__TASK STATEMENT__: How many lines of the data include the string "Road"? State the number and nothing else.
====
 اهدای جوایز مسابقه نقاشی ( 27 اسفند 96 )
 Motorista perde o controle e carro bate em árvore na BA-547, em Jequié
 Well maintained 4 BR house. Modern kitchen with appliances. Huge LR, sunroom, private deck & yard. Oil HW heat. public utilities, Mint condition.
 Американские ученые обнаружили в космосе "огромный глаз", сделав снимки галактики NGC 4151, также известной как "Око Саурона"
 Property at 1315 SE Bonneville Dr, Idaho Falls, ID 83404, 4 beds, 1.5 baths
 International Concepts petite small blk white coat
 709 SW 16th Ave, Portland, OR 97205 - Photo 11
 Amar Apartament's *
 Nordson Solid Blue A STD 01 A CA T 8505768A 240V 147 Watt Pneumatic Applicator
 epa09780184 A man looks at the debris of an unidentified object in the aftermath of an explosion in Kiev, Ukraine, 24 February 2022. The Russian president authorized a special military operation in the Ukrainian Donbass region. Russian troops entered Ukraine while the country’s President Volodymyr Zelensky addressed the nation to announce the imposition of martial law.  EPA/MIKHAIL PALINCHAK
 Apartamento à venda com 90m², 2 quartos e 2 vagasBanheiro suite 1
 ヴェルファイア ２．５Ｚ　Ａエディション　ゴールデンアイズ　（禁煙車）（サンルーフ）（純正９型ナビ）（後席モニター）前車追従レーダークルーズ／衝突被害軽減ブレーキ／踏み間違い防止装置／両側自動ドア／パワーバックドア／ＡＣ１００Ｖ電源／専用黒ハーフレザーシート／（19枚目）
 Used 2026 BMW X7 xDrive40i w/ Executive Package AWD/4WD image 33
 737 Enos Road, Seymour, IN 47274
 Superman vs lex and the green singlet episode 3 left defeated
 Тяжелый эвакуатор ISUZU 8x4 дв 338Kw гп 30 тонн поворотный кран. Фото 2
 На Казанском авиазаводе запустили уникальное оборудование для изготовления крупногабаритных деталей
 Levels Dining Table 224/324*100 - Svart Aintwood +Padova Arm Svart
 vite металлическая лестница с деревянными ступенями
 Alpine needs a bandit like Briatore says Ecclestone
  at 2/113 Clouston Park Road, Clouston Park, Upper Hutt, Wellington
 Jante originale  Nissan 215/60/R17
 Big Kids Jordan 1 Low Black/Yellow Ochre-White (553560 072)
====
__REPLY__: 2